Will FCoE bring you more headaches?

Yes it will!!.

Bit of a blunt statement but here’s why.

When you look at the presentations all connectivity vendors (Brocade,Cisco,Emulex etc…) will give you they pitch that FCoE is the best thing since sliced bread. Reduction in costs, cooling, cabling and complexity will solve all of your to-days problems! But is this really true?

Let start with costs. Are the cost savings really that big as they promise. These days a server 1G Ethernet port sits on the motherboard and is more or less almost a free-bee. Expectation is that the additional cost of 10Ge will be added to a server COG but as usual they will decline over time. Most servers come with multiple of these ports. On average a CNA is 2 times more expensive then 2 GE ports + 2 HBA’s so that’s not a reason to jump to FCoE. Each vendor have different price lists so that’s something you need to figure out yourself. The CAPEX is the easy part.
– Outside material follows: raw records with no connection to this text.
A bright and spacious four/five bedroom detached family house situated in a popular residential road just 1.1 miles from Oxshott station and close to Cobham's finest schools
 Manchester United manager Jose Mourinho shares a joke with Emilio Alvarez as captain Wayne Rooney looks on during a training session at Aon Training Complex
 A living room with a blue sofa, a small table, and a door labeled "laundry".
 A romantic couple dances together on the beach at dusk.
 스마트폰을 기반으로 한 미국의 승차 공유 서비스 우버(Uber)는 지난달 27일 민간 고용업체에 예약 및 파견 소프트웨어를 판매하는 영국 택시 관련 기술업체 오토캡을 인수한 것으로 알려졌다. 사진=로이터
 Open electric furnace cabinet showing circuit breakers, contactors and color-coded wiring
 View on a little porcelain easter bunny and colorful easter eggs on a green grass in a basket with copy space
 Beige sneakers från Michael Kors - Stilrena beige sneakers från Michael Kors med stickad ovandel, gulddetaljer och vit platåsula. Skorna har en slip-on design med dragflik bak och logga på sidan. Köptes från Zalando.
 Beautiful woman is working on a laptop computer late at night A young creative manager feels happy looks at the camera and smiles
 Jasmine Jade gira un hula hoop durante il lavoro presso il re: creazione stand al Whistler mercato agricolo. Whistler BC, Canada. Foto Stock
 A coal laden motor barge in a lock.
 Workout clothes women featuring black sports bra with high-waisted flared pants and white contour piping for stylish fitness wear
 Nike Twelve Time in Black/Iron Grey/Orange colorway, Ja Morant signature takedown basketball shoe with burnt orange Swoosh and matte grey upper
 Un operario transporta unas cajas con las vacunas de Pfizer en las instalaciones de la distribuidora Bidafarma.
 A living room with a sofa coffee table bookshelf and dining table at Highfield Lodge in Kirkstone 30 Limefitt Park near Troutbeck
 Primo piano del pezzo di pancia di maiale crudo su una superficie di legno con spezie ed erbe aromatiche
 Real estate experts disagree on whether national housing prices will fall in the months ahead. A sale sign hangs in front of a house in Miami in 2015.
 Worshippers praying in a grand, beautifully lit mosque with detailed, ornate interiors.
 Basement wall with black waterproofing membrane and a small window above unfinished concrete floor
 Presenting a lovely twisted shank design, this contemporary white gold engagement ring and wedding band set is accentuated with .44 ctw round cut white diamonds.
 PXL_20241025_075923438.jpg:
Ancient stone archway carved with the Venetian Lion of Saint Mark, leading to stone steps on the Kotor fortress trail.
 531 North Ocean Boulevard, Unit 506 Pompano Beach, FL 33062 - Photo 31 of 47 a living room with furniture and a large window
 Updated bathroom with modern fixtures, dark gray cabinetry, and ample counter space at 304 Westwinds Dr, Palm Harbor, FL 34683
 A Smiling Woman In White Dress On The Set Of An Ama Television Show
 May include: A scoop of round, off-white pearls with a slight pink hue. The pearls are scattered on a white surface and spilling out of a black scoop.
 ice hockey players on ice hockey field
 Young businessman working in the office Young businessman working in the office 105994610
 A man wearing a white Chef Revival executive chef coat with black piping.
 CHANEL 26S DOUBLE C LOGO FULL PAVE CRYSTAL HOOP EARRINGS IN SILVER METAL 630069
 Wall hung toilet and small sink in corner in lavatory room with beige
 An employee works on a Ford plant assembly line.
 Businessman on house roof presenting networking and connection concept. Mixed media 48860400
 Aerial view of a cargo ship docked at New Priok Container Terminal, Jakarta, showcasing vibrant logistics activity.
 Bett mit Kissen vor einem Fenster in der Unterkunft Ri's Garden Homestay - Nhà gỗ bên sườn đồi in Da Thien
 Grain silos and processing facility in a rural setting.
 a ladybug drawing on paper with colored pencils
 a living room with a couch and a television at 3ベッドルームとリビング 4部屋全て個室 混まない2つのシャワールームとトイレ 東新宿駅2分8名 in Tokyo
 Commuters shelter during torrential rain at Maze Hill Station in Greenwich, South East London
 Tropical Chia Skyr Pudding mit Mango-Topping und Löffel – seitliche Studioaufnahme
An FCoE capable switch (CEE or FCF) is significantly more expensive than an Ethernet switch + a FC switch. Be aware that these are data center switches and the current port count on an FCoE switch is not sufficient to deploy large scale infrastructures.

Then there is the so called power and cooling benefit. (?!?!?) I searched my butt of to find the power requirements on HBA’s and CNA’s but no vendor is publishing these. I can’t imagine an FC HBA chip eats more than 5 watts however a CNA will probably use more given the fact it runs on a higher clock speed and for redundancy reasons you need two of them anyway so in general I think these will equate to the same power requirements or an eth+hba combination is even more efficient than CNA’s. Now lets compare a Brocade 5000 (32 port FC switch) with a Brocade 8000 FCoE from a BTU and power rating perspective. I used their own specs according to their data sheets so if I made a mistake don’t blame me.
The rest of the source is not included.